研究室の床には、赤いテープと黒いテープが貼られている。赤がアーカイブハーフの進路、黒がワーキングハーフの進路。

「当たり前だと思っていても、忙しくなると間違えてトラブルになりますから」

サンプルを吟味する研究者たち(提供:JAMSTEC/IODP)(写真クリックで拡大)

 ワーキングハーフは、文字通り研究作業用。開き姿のままではなくて、小分けにして分析に使われる。航海を終えた研究者がもっとつっこんだ研究を行うサンプルも、ここからとられる。この部分をこの測定に使うよとか、ここは僕が持っていくからね、という印は、爪楊枝にテープを貼ったお子様ランチの旗のようなもので付ける。

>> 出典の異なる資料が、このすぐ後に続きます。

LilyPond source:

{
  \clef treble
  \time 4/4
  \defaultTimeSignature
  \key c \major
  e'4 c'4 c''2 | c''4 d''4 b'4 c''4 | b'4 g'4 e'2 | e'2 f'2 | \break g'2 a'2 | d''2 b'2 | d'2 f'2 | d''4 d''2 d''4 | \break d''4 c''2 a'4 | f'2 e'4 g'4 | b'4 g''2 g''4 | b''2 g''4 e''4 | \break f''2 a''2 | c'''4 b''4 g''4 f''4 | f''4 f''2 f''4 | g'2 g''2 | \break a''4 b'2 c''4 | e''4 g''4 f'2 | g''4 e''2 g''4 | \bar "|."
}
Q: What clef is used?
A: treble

 アーカイブハーフでは、写真を撮ったり、色を測ったりと、コアサンプルを壊さないでできる測定をする。また、スケッチも欠かせない。

 写真も撮るのに、スケッチ。

「人間の目によるスケッチは、あなどれません。細かな色の変化とか、地層を構成している粒子の変化とか、あとで写真を見てもわからないものが見えるんです」

 ちなみに、船上で行われる分析の結果は、みんなの共通財産になる。乗っている研究者個人の成果に直接つながる研究は、船を下りてから、各々で取り組むことになっている。

13分の9が南海トラフ

 では、採取されたサンプルはこの後、どんな研究に使われるのか。ここで整理しておこう。

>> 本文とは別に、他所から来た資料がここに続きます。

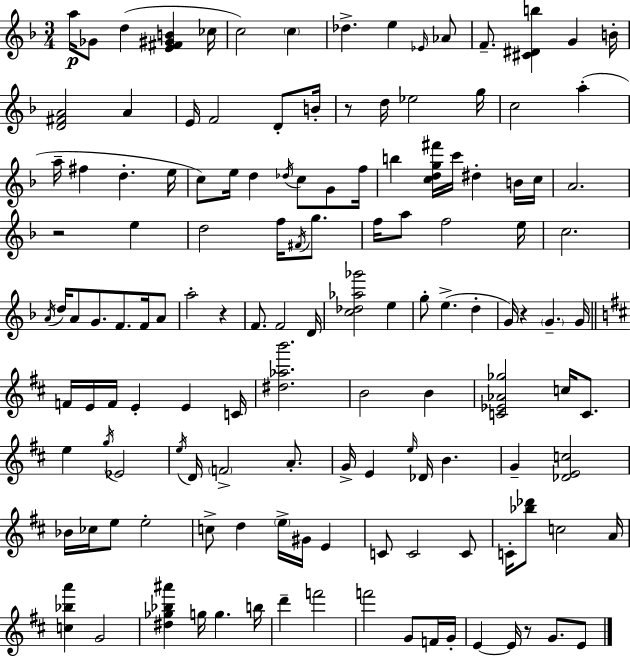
{
  \clef treble
  \numericTimeSignature
  \time 3/4
  \key d \minor
  a''16\p ges'8 d''4( <e' fis' gis' b'>4 ces''16 | c''2) \parenthesize c''4 | des''4.-> e''4 \grace { ees'16 } aes'8 | f'8.-- <cis' dis' b''>4 g'4 | \break b'16-. <d' fis' a'>2 a'4 | e'16 f'2 d'8-. | b'16-. r8 d''16 ees''2 | g''16 c''2 a''4-.( | \break a''16-- fis''4 d''4.-. | e''16 c''8) e''16 d''4 \acciaccatura { des''16 } c''8 g'8 | f''16 b''4 <c'' d'' g'' fis'''>16 c'''16 dis''4-. | b'16 c''16 a'2. | \break r2 e''4 | d''2 f''16 \acciaccatura { fis'16 } | g''8. f''16 a''8 f''2 | e''16 c''2. | \break \acciaccatura { a'16 } d''16 a'8 g'8. f'8. | f'16 a'8 a''2-. | r4 f'8. f'2 | d'16 <c'' des'' aes'' ges'''>2 | \break e''4 g''8-. e''4.->( | d''4-. g'16) r4 \parenthesize g'4.-- | g'16 \bar "||" \break \key b \minor f'16 e'16 f'16 e'4-. e'4 c'16 | <dis'' aes'' b'''>2. | b'2 b'4 | <c' ees' aes' ges''>2 c''16 c'8. | \break e''4 \acciaccatura { g''16 } ees'2 | \acciaccatura { e''16 } d'16 \parenthesize f'2-> a'8.-. | g'16-> e'4 \grace { e''16 } des'16 b'4. | g'4-- <des' e' c''>2 | \break bes'16 ces''16 e''8 e''2-. | c''8-> d''4 \parenthesize e''16-> gis'16 e'4 | c'8 c'2 | c'8 c'16-. <bes'' des'''>8 c''2 | \break a'16 <c'' bes'' a'''>4 g'2 | <dis'' ges'' bes'' ais'''>4 g''16 g''4. | b''16 d'''4-- f'''2 | f'''2 g'8 | \break f'16 g'16-. e'4~~ e'16 r8 g'8. | e'8 \bar "|."
}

 ちきゅうは、船が完成してからこれまでに13回の研究航海を実施している(試験航海を除く)。うち紀伊半島沖、南海トラフの掘削が9回、三陸沖の東日本大震災の震源域掘削が2回、それに下北半島と沖縄で実施した生命圏掘削が1回ずつだ。
 これに、JAMSTECのプロジェクトではないが、メタンハイドレートの産出試験など、資源探査を目的とした航海も6回引き受けている。